Pillar guide16 min read·updated

Rust Server Setup Guide: From Zero to a Modded Community Server

The complete path from nothing to a live modded community Rust server: install the dedicated server, layer on Carbon, tune server.cfg, add admins, install plugins, and go live. Each step links to a deeper guide.

This is the map. Each stage below is a deliberate step with its own detailed guide — follow them in order and you'll end with a running, modded, admin-controlled server that shows up in the community browser.

01

Decide: rent or self-host

A game host for almost everyone.
02

Install the Rust dedicated server

SteamCMD, app ID 258550.
03

Install Carbon

The modding framework, on top of vanilla.
04

Configure server.cfg

Gather, decay, world size, performance.
05

Add your admins

ownerid / moderatorid, then server.writecfg.
06

Install your first plugins

Drop .cs files into carbon/plugins/.
07

Go live and verify

Open ports, set identity, check the browser.
08

The monthly maintenance loop

Update on every first-Thursday wipe.

Step 1 — decide: rent or self-host

For almost everyone, rent from a game host. You get a control panel, DDoS protection, and predictable cost. Self-host only if you already have an always-on machine with a strong single-thread CPU and good upload bandwidth. Either way, the software steps below are the same.

Step 2 — install the Rust dedicated server

The base game server installs via SteamCMD (app ID 258550). Game hosts do this for you. Self-hosting:

steamcmd +login anonymous +app_update 258550 validate +quit

Launch it once with an identity and ports to confirm vanilla works before adding anything:

RustDedicated.exe -batchmode +server.identity "myserver" \
  +server.port 28015 +server.queryport 28017 \
  +server.hostname "My RGZ Server" +server.maxplayers 100

Step 3 — install Carbon

With vanilla confirmed working, add the modding framework.

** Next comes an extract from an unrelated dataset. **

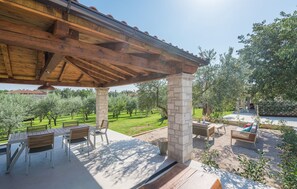 An outdoor patio with a pergola, stone pillars, and seating. - Villa Elise with Pool (Novigrad)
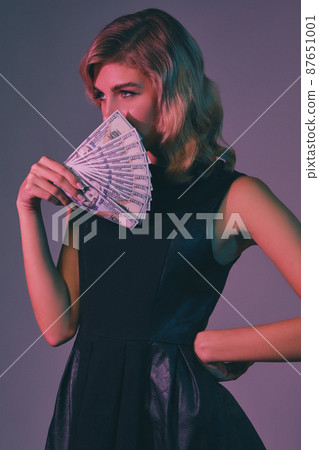Blonde girl in black stylish dress holding some money, posing against colorful background. Gambling entertainment, poker, casino. Close-up. 87651001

Carbon is the recommended choice for new servers — see Carbon vs Oxide for why — and the install is a file extraction over the server root: how to install Carbon. Verify with c.version before moving on.

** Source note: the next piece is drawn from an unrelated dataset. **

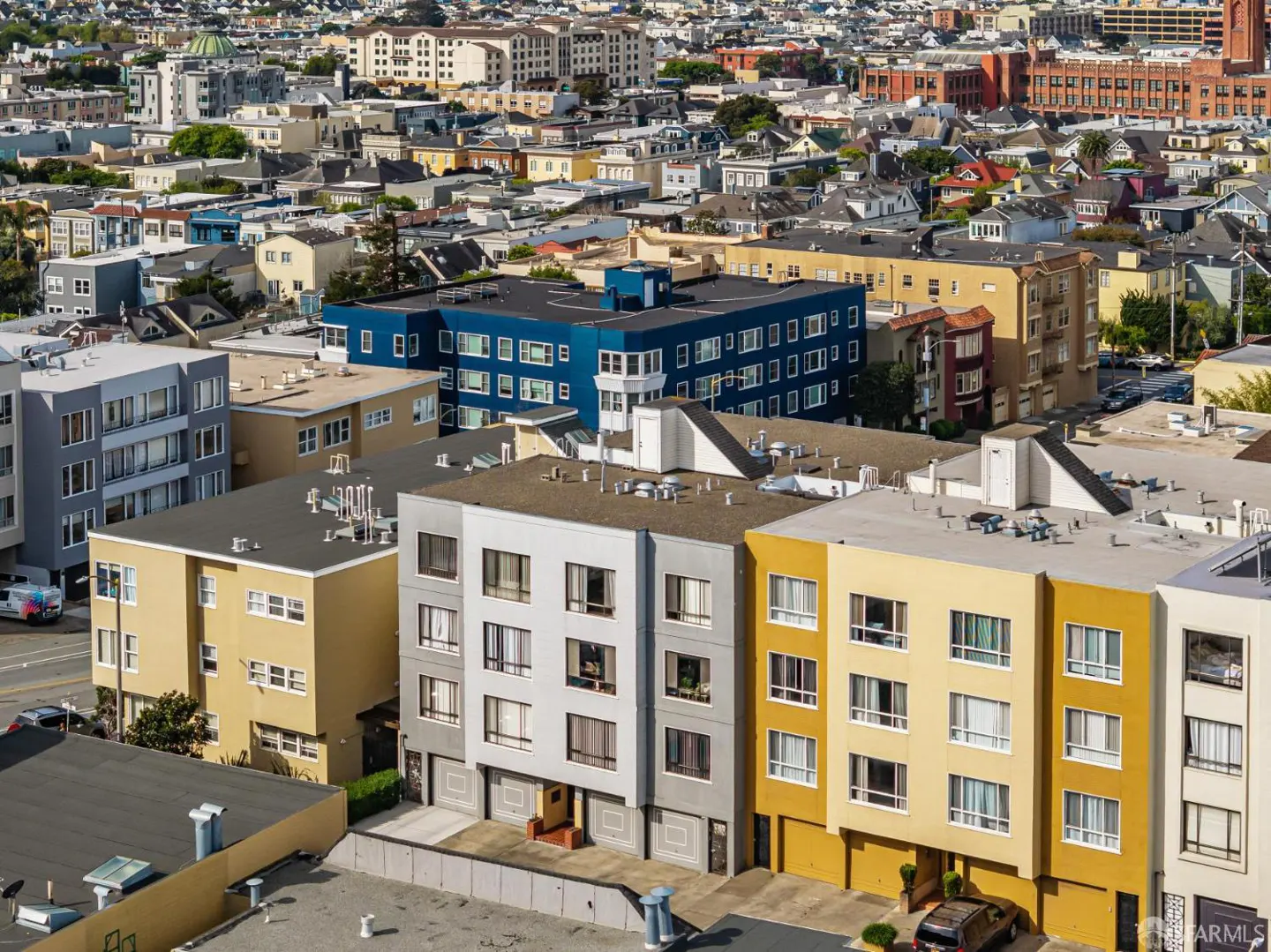 An aerial view of a dense urban neighborhood with colorful buildings and a cityscape background.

Step 4 — configure server.cfg

Now tune the server to feel the way you want — gather, decay, world size, performance. The convars that matter (and the ones host panels hide) are in the server.cfg settings reference. Don't over-tune on day one; get it running, then adjust between wipes.

Step 5 — add your admins

Grant yourself ownerid and your staff moderatorid, then — critically — run server.writecfg so it persists. Full steps: how to add admin to your Rust server.

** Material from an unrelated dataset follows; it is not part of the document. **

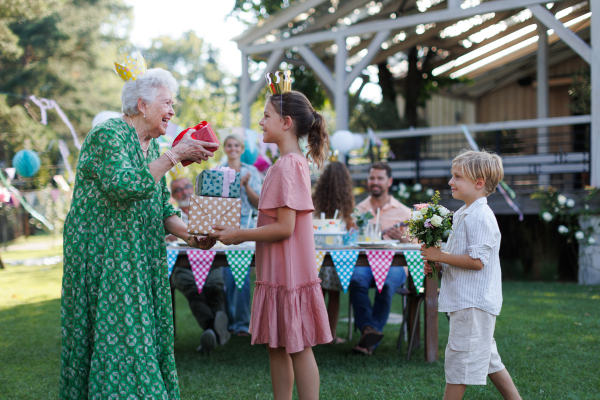 Garden birthday party for senior lady. Beautiful senior birthday woman receiving gift and flowers from grandchildren.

Step 6 — install your first plugins

Drop .cs files into carbon/plugins/. A sane starter set for a community server: a teleport plugin, kits, an economy backbone, and — if PvE — a PvE manager and zone manager. Browse the plugin directoryfor tested options with Carbon compatibility verdicts and config examples. If a plugin won't load, you already know where to go: Carbon plugins not loading.

Step 7 — go live and verify

  • Make sure ports 28015 (game) and 28017 (query) are open and the server isn't private.
  • Set a hostname, description, and header image so it looks legitimate in the browser.
  • Connect from another machine via the community list to confirm it's visible.
  • Validate every plugin config — our config validator catches broken JSON before it costs you a load.

Step 8 — the monthly maintenance loop

A server isn't set-and-forget. Every first Thursday: update the game, update Carbon (guide), update any plugins that broke, spot-check in-game. Build that habit and your server is the one that's up when players log in for fresh map — which is how servers actually grow.

Frequently asked

Questions & answers

Should I self-host or rent a Rust server?
Rent unless you specifically want to manage hardware. A game host gives you a control panel, DDoS protection, and a fixed monthly cost. Self-hosting only pays off if you already have a suitable always-on machine and good upload bandwidth.
What are the minimum specs for a Rust server?
A modded server for ~50-100 players wants a modern multi-core CPU with strong single-thread performance, 8-16GB RAM, and an SSD. Rust is CPU-bound — clock speed matters more than core count past 4 cores.
How do I make my server show in the community list?
Run it with a public IP and the correct ports open (28015 game, 28017 query), don't set it private, and give it an identity and description. If it still doesn't appear, the query port is the usual culprit.